(Task details):
Your answer must be the full listing, reproduced exactly, minus any pictures.

(Supplied records):
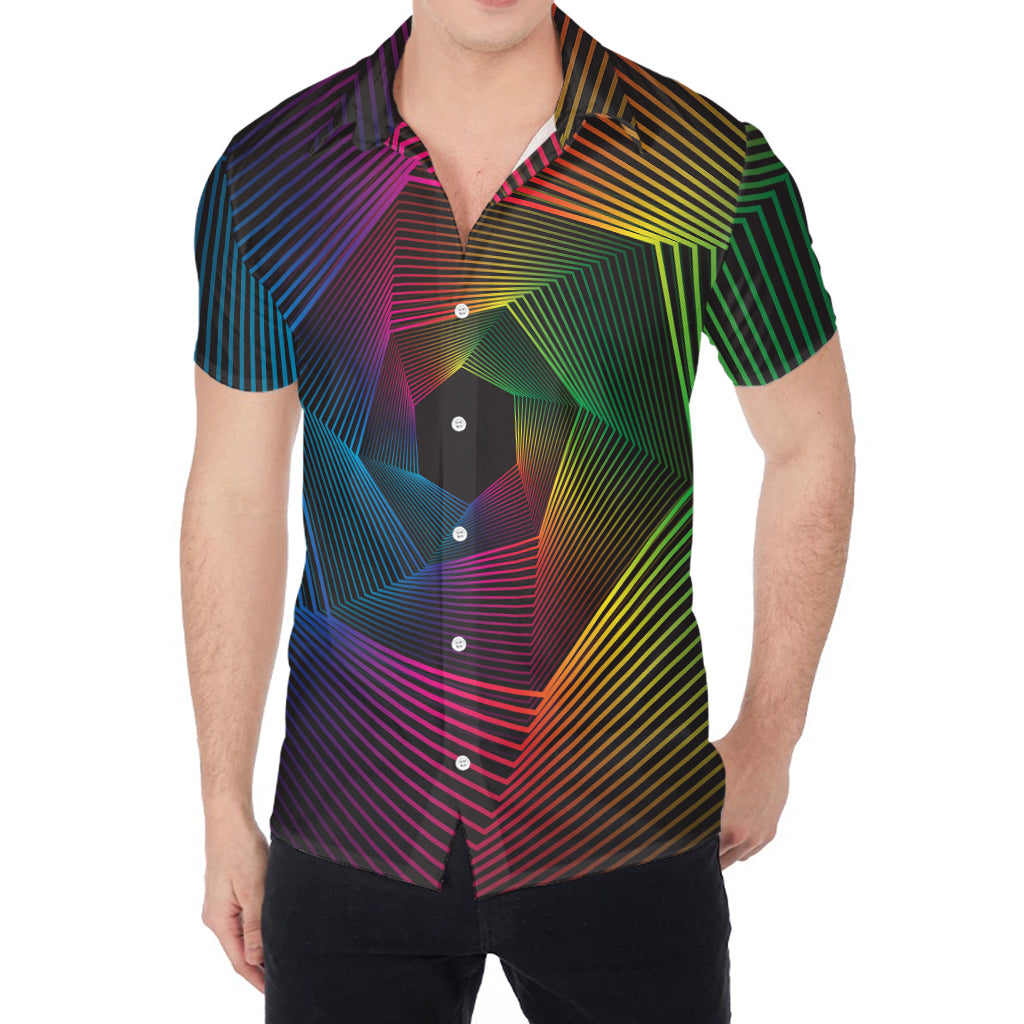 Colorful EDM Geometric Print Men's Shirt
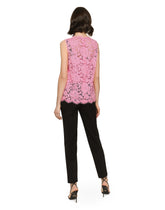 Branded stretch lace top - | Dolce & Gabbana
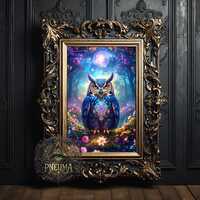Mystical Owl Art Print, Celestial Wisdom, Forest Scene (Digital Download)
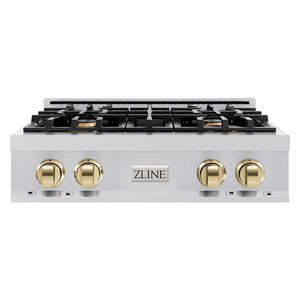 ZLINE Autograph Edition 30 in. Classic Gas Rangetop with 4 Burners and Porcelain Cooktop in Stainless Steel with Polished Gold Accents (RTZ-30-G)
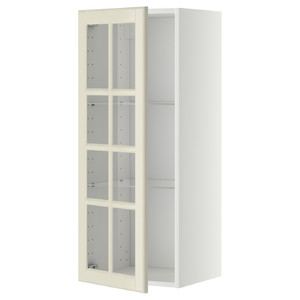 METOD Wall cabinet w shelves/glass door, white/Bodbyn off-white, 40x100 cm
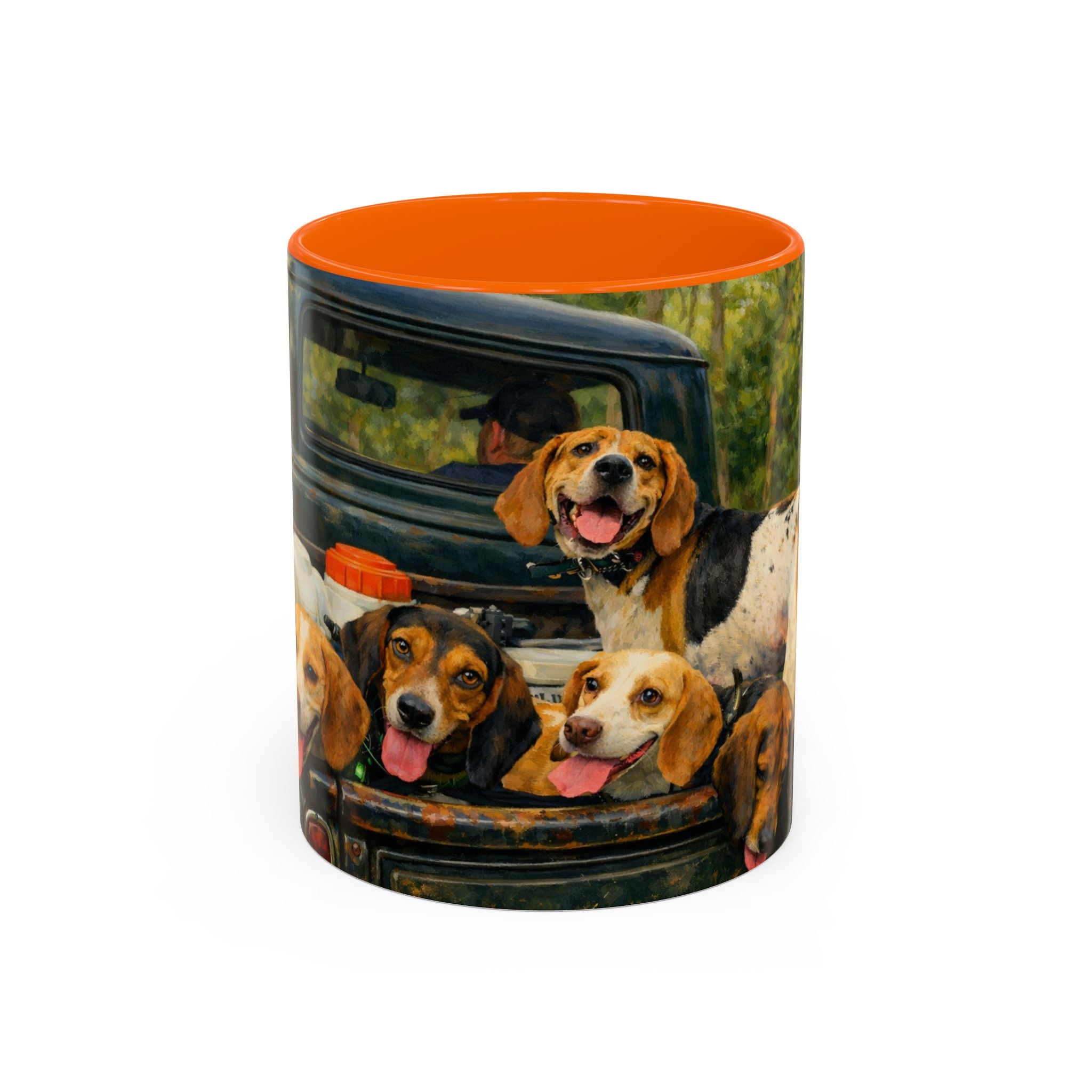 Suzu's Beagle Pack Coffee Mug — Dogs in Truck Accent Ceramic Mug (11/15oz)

(The answer):
 Colorful EDM Geometric Print Men's Shirt
 Branded stretch lace top - | Dolce & Gabbana
Mystical Owl Art Print, Celestial Wisdom, Forest Scene (Digital Download)
 ZLINE Autograph Edition 30 in. Classic Gas Rangetop with 4 Burners and Porcelain Cooktop in Stainless Steel with Polished Gold Accents (RTZ-30-G)
 METOD Wall cabinet w shelves/glass door, white/Bodbyn off-white, 40x100 cm
 Suzu's Beagle Pack Coffee Mug — Dogs in Truck Accent Ceramic Mug (11/15oz)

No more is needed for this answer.